Outside the ballpark gates, the Corolla came rattling around the corner. Oscar ran to meet it. Maybe it was just as well the second sun refused to set. Both of his mother’s headlights appeared to be broken now.
“Is everything OK?” asked Oscar’s mom when she saw him.
“Sure,” said Oscar, though his mind raced with the story Pinky Whitney had just told him.
“You look like you just saw a ghost,” said his mother.
“No, of course I didn’t, why did you say that—oh—good one, Mom,” replied Oscar, finally realizing she was joking.
“The game is over?” she asked.
“Yes. It’s been over for a while now,” said Oscar.
“Just my luck,” said his mother. “If I had to get fired, why couldn’t I get fired in time to make it to your game?”
“That is rotten luck,” said Oscar. “Wait. You got fired?” The news chilled him. First, it’s never good when your mom gets fired. Second, it was another of the signs T. Buffington Smiley had mentioned: Good people will fail . . . friends and loved ones will experience disappointment and defeat.
“Yes,” said his mother. “But it wasn’t a totally terrible night, because you won your game.”
“Actually, we lost,” said Oscar.
“Oh. A last-second score?” His mother sounded defeated. Oscar wished he had better news.
“Something like that,” said Oscar.
“That’s OK, though. One game doesn’t make any difference in the overall, gigantic, cosmic, grand scheme of things. Right?” said his mother.

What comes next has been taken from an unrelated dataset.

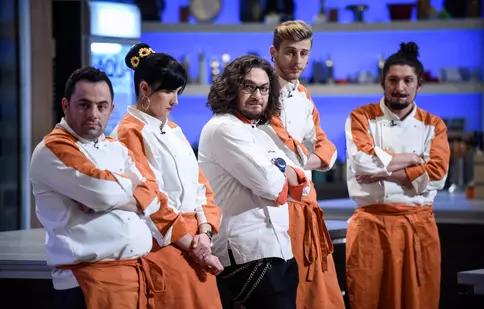 Sunt ultimele confruntări de la „Chefi la cuțite”: Azi, chef Dumitrescu dă afară doi concurenți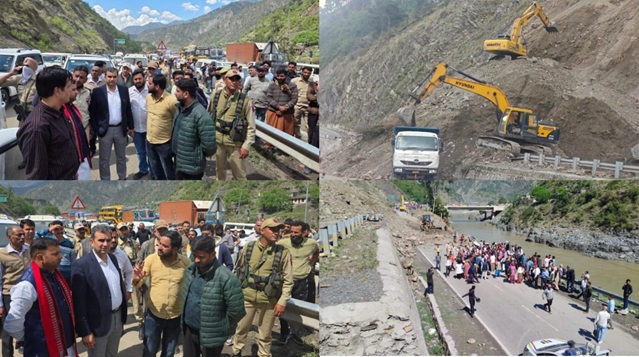 Personal monitoring by DC Ramban, made road clearance operations on NH-44, success: Traffic movement partially restored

“This one kind of did, Mom,” said Oscar. “It really did.” He wished he could talk to her about the mess he was in. But he couldn’t, especially when she’d just lost her job. “I’m sorry you got fired.”
“It was the craziest thing,” she replied. “I’d just steamed the most perfect Mochalino Supremo in history, but when I turned around to pour it, the cup I’d set on the counter was gone! The Mochalino splattered all over the counter and into the lap of the lady who ordered it. Mr. Parker fired me on the spot.”